Have you configured that firewall no firewall comes preconfigured ( I know marketing departments love the saying "one size fits all" but they never fit properly)
Yes, I just initially configured it using Yast
Because I am a paranoid I deliberately force internal machines go thru a Linux gateway which is SuSEfirewalled and internal machines are not trusted they are limited on what they can do. The Gateway machine is then connected to Cisco router with access-lists in control also. And this is my home network ( I am not saying buy a cisco router but make sure you have tight firewall rules applied on your border router.
Well I thing at present I wouldn't be able to do so much with my network, but after some reading I started to edit (with vim) /etc/sysconfig/SuSEfirewall2 and then /sbin/SuSEfirewall2 stop and start.
Sorry about my ignorance, and thanks in advance!

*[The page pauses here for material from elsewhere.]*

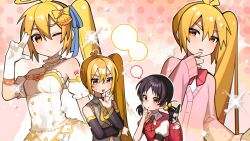 2girls :o akita_neru antenna_hair ascot backpack bag black_hair black_sleeve_cuffs black_sleeves blank_speech_bubble blonde_hair blue_ribbon blush bow bowtie breasts buttons cardigan closed_mouth collar collared_shirt commentary_request detached_sleeves dot_nose double-breasted double-parted_bangs dress finger_to_cheek frilled_collar frilled_shirt frills gloves grey_shirt hair_between_eyes hair_bobbles hair_bow hair_ornament hand_on_own_chin hand_up highres idol idol_clothes jewelry kaai_yuki kakosa_sama long_hair low_twintails multiple_girls multiple_views necklace necktie one_eye_closed open_mouth parted_hair pink_cardigan plaid_ascot plaid_clothes puffy_detached_sleeves puffy_sleeves red_ascot red_bag red_bow red_bowtie red_dress ribbon shirt short_sleeves short_twintails side_ponytail sleeveless sleeveless_shirt sleeves_past_wrists small_breasts speech_bubble strapless strapless_dress sweatdrop twintails upper_body very_long_hair vocaloid white_collar white_dress white_gloves white_shirt wide_sleeves yellow_bow yellow_eyes yellow_necktie yellow_trim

Night time reading assignment for you
http://www.oreilly.com/catalog/fire2/ is the book and the sample chapter is http://www.oreilly.com/catalog/fire2/chapter/ch13.html
I will order that book! Im going to ask probably a trivial question but sometimes this type of little details are hard to pick up from literature: As you know, for the SuSEfirewall2 I need to provide the type of device pointing to the external (unprotected) network and the device pointing to the internal ("trusted") network. If my computer is not connecting directly to the dsl modem but through a firewall-router that deals with the PPPoEe (sorry if I mispelled it) I wonder which is my external interface then and which my internal one. I set both to be eth0 but when I start the firewall I get that because "192.168.0.*/255.255.255.0 is internal and external, no spoof protection possible from internal". In the other hand when I leave as empty the external one the firewall also starts but tells me that it needs to know which is the external interface. So, in this setting (machine connecting through eth to a router-firewall-dhcp server) which are the internal/external interfaces of the machine?? Thanks for helping me understand this little issue. greetings! Felipe.